In reality, sixteen months was not meant to be our number. Sneaky little sister was anxious to meet us and made a very early, yet healthy debut. She brought the age gap between Reese and her even closer, making it fourteen months and some change. Her sudden birth caused quite a stir, as you can imagine. By the time we returned home from the hospital, bringing our tiny little girl to join her big brother and fuzzy doggie, all the leftover stress from a pregnant lady unable to put away her Christmas stuff had been magically erased.

My mother, always a loving caretaker and detailed organizer, had cleaned up everything for me. We were free to enter our home (and begin our new life as a family of four) with the fresh slate feeling that January often brings. Thank goodness for my mom. If it hadn't been for her, we might have just left the tree up till the following Christmas.

None of this suggests that every January has been as eventful as the year of Trixie's birth. A few of them have been really nuts, like the years we decided to move to and from Japan, and then again when we moved into our current house. I don't know what it is with us moving in the dead of Winter. On the other hand, most of our post-holiday seasons have been pretty standard. It's just that after all of the hustle and bustle, I'm never in a rush to drag up all the boxes to deconstruct the jolliness that has filled our home. It will seem so bare. So plain. So blah.

Right?

Actually, since Christmas was over a month ago, I know I'm ready for everything to come down now. It's time for me to gaze openly out my front window once again.

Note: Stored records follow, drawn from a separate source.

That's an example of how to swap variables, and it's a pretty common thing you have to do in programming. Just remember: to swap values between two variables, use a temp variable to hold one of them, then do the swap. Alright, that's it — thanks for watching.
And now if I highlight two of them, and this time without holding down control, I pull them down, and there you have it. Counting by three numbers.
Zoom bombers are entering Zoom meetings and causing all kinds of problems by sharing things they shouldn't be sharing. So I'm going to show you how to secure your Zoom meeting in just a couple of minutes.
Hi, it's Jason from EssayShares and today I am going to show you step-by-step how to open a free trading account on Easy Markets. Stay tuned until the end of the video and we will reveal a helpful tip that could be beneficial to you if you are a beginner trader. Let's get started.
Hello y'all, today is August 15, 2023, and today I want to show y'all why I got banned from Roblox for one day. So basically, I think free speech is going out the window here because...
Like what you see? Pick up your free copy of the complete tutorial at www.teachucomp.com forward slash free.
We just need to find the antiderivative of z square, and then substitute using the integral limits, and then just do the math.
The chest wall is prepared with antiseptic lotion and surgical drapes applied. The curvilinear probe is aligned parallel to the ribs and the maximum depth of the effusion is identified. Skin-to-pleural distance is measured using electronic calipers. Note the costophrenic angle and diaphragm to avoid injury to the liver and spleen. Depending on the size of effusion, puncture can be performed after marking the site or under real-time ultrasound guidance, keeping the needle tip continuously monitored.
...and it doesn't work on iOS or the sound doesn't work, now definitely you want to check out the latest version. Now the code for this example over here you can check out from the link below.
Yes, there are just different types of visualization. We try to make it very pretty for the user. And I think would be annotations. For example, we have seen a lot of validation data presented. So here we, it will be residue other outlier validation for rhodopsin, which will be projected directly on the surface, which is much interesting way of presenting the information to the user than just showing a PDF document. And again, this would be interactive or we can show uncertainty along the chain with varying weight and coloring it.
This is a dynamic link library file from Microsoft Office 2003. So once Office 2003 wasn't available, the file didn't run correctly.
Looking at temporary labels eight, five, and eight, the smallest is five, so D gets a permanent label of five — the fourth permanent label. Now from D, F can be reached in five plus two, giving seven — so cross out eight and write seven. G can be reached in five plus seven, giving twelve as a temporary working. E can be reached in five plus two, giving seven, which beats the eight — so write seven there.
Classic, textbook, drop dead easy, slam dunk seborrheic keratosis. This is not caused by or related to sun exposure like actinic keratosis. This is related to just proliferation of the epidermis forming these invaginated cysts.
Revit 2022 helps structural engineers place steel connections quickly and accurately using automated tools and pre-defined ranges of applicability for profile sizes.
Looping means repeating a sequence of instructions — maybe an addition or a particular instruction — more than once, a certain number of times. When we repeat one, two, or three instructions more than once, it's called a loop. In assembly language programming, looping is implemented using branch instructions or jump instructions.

Trixie's birthday has now come and gone for 2015. I had set a goal to take down our tree over the weekend. I verbalized that ambitious goal to everyone here, only to be sidetracked by normal family happenings, such as a very loud trip to the bouncy house gym, fluffy purple cupcakes and our brand new, late-night Netflix addiction to Sons of Anarchy.

Our Christmas tree still remains. Its presence lingers in my mind every night when I finally rest my head on the pillow and then realize, Shoot, we still didn't take that tree down. Every time I pass by it or sit next to it as I write, I wonder, When will we ever have the time to put it away? It's exactly eighteen inches from me at this very second, but it's not down yet!

Will our Christmas tree still be standing by Valentine's Day? Surely not. My mom is coming this weekend.